Over the last year I've been tracking the average deposit account rates. As you might have expected, rates have declined. However, not all have gone down by the same amount. Comparing the rate changes between the different account types are interesting, and this information may be useful if you're trying to decide on the type of deposit accounts for your savings in 2013.

Below is a graph showing how the average annual percentage yields (APY) of six deposit accounts have changed in 2012. The accounts include a 5-year CD, a 1-year CD, a regular savings account, a regular checking account, an internet savings account and a reward checking account. The average APYs include accounts from both banks and credit unions. The one exception is the internet savings account. This only includes internet banks. Also, this includes both internet savings accounts and internet money market accounts.

Deposit Account Rate Trends of 2012

Below is a summary of the average APY changes for all of the above accounts from January of 2012 to January of 2013. For each account I've listed the change in terms of basis points (bps). A basis point is equal to one hundredth of a percentage point.

For reward checking accounts, I have also listed the change in the average balance cap. This is the maximum balance that qualifies for the reward checking account's top rate.

Average 5-Year CD APYs

  • 2012: 1.685%
  • 2013: 1.300%
  • Down by 38.5 bps

Average 1-Year CD APYs

  • 2012: 0.604%
  • 2013: 0.447%
  • Down by 15.7 bps

Average Savings Account APYs

  • 2012: 0.264%
  • 2013: 0.192%
  • Down by 7.2 bps

Average Checking Account APYs

  • 2012: 0.163%
  • 2013: 0.121%
  • Down by 4.2 bps

Average Internet Savings/MMA APYs

  • 2012: 0.676%
  • 2013: 0.662%
  • Down by 1.4 bps

Average APYs: Top 10 Internet Savings/MMA

  • 2012: 0.98%
  • 2013: 1.02%
  • Up by 4.0 bps

Average Reward Checking APYs and Balance Caps

  • 2012: 1.551%, Balance cap: $22,512
  • 2013: 0.964%, Balance cap: $20,471
  • APY down by 58.7 bps
  • Balance cap down by $2,041

Internet Savings Accounts - Holding Up the Best

The rates of internet savings and money market accounts had the smallest decline. The average rate fell by less than two basis points. A lot of this decline was driven by a few banks that slashed their rates this year. HSBC Bank is one of these. Its online savings account rate plummeted this year from 0.80% to 0.30%.

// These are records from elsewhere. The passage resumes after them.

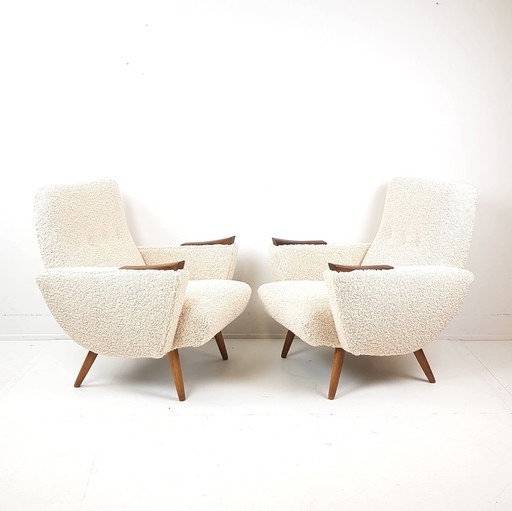 2 Vintage-Sessel neu gepolstert Teddy Teakholz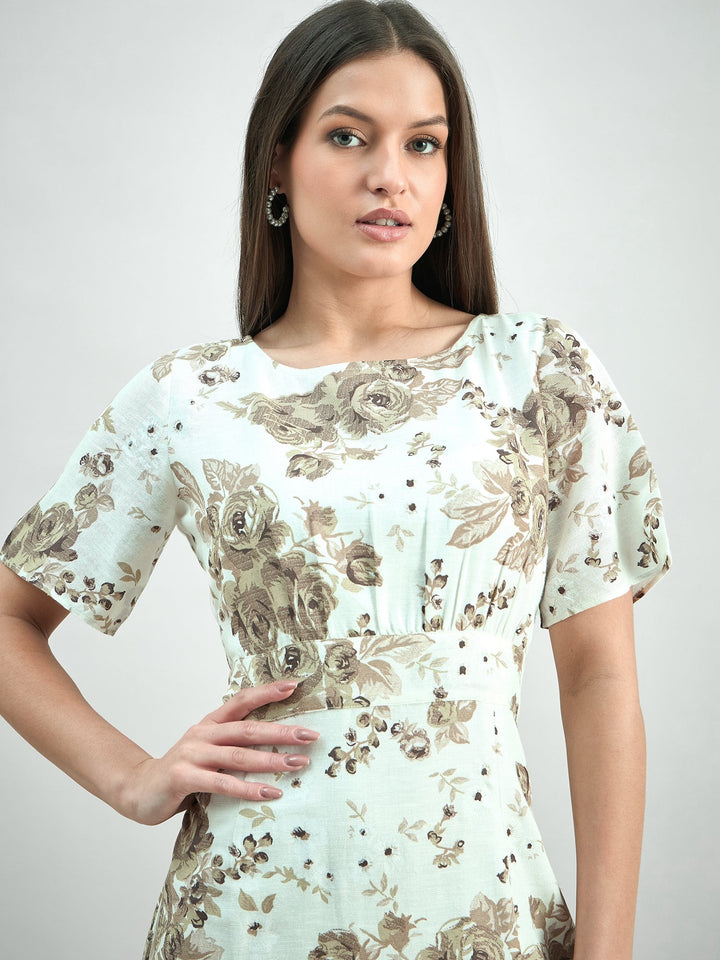 White-&-Beige-Cotton-Floral-Print-Round-Neck-Midi-Dress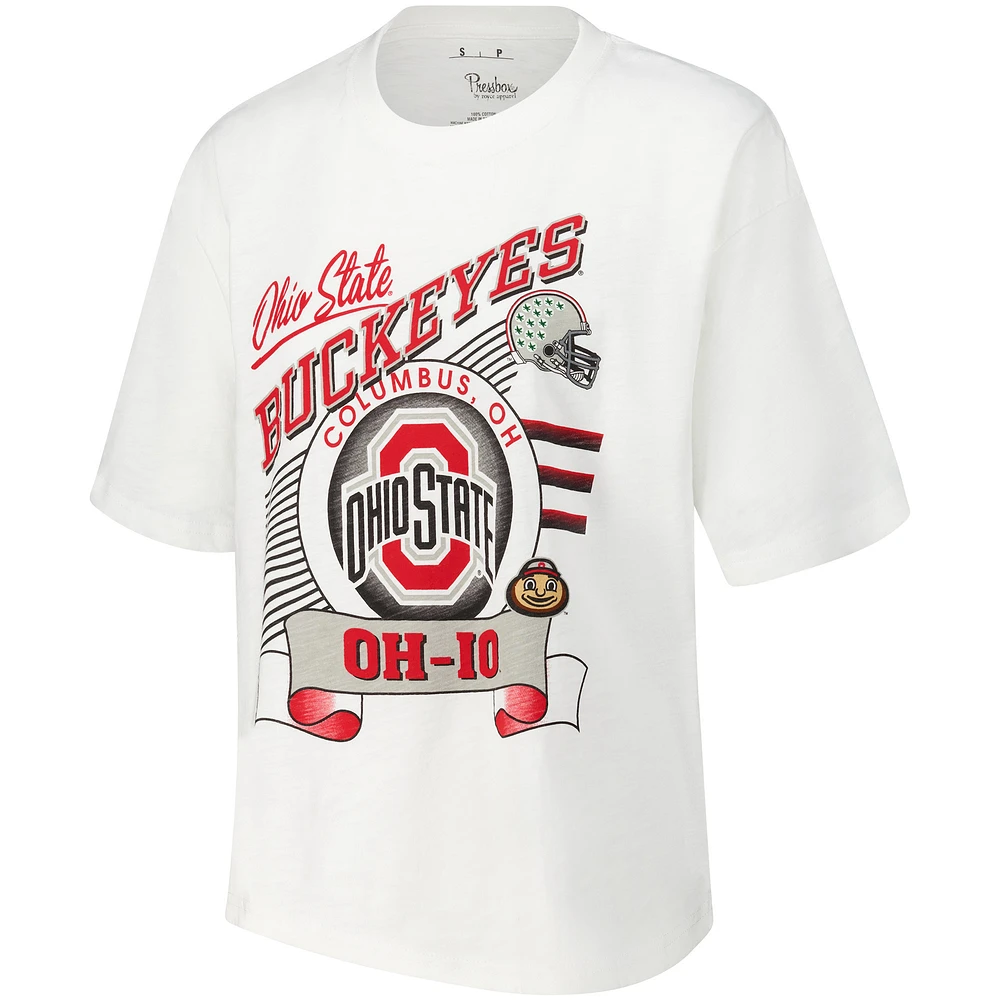 Women's Pressbox White Ohio State Buckeyes Rock & Roll Slub T-Shirt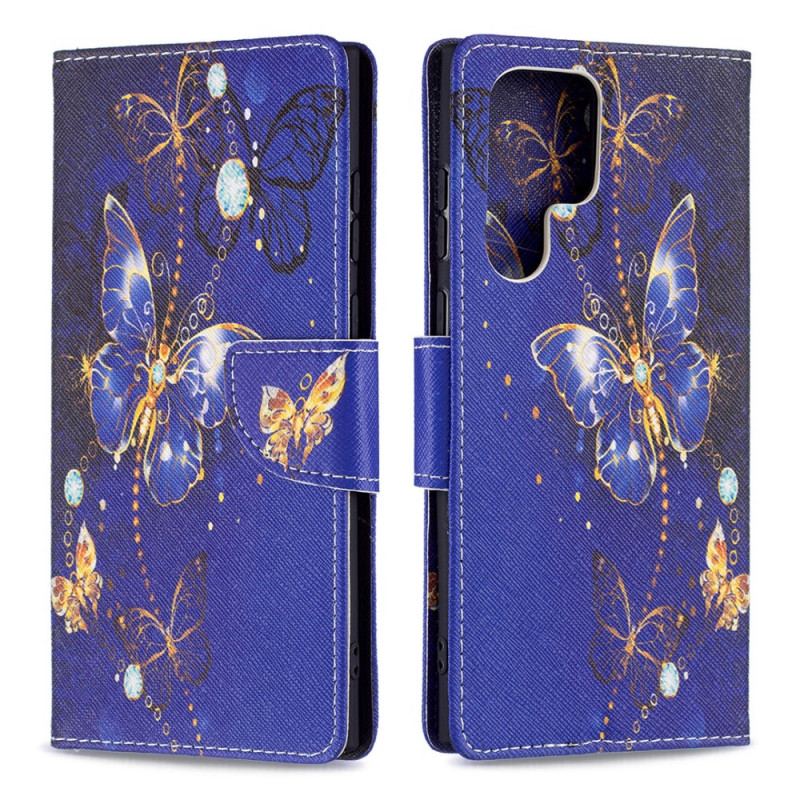 Flip Cover Samsung Galaxy S22 Ultra 5G Gyldne Sommerfugle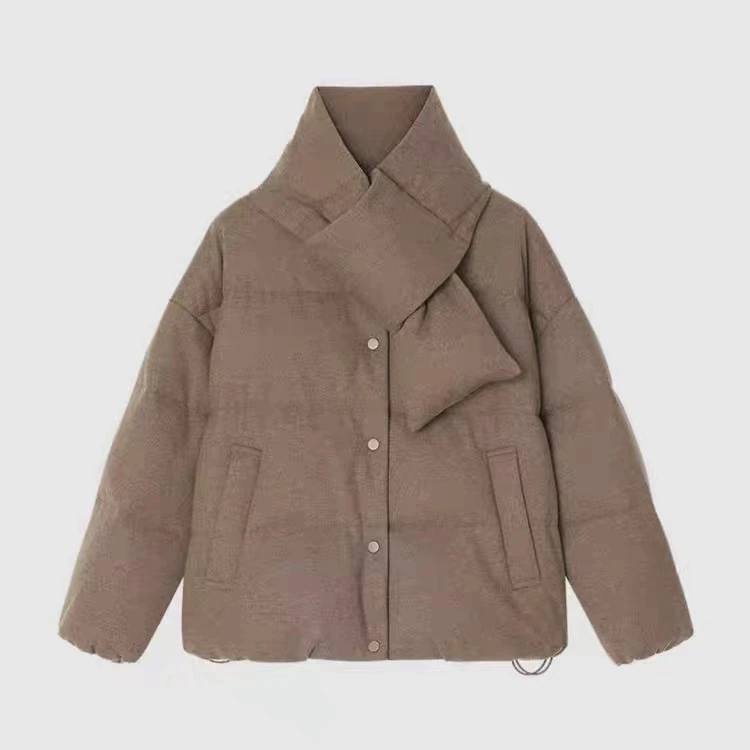 素咖围领设计师定制款休闲冬季百搭保暖羽绒服新250411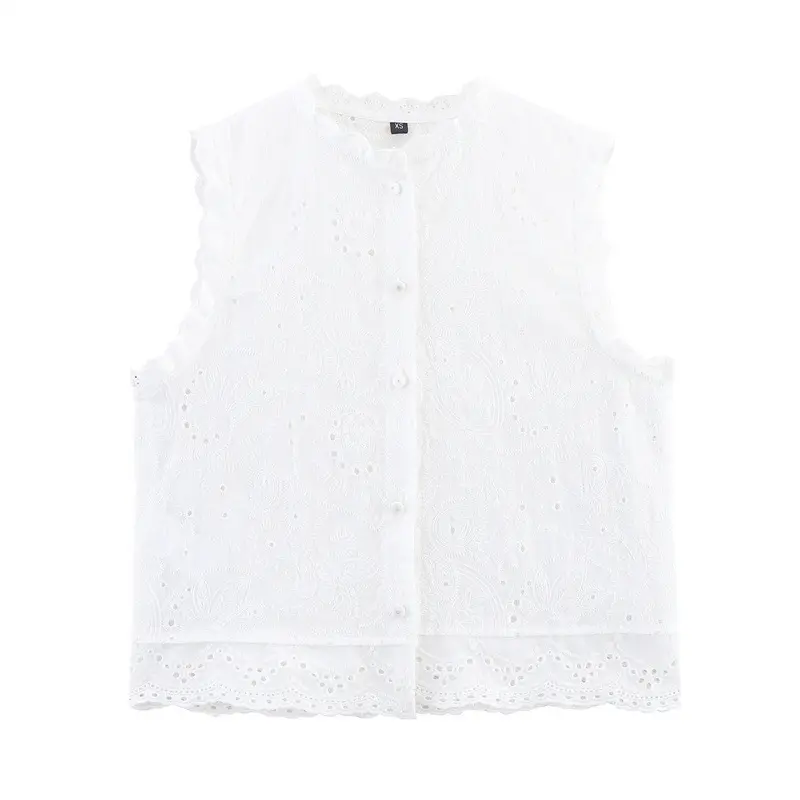 Women's Fashion Casual Sleeveless Crewneck Hollow-out Embroidered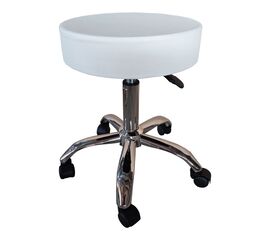 Σκαμπό γραφείου-εργασίας τροχήλατο Tebere pakoworld pu σε λευκή απόχρωση 35x35x45-57εκ - ΚΑΡΕΚΛΕΣ ΓΡΑΦΕΙΟΥ στο Milonadakis.gr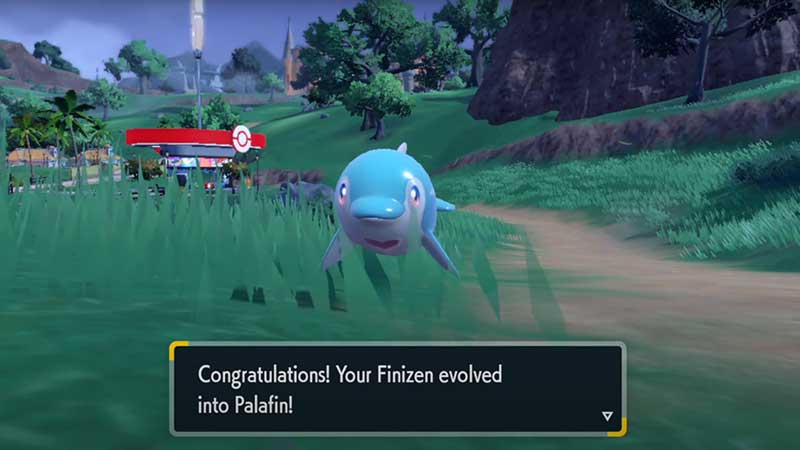 Evolving Palafin in Pokemon SV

The impact of a few internet banks that have slashed rates this year had me wondering about the averages if these banks were excluded. I decided to look at the averages of just the top 10 internet savings and money market accounts. This is a useful average for rate chasers who don't mind moving their money to new internet banks once or twice a year. As you can see above, this average has actually gone up in the last year by 4 basis points.

Reward Checking Changes - Advantage Over Internet Savings Accounts?

Out of all the deposit accounts, reward checking account rates had the largest decline. Its average rate is now under 1%. Reward checking balance caps have also fallen. On the plus side, the rate decline has slowed in the last half of 2012.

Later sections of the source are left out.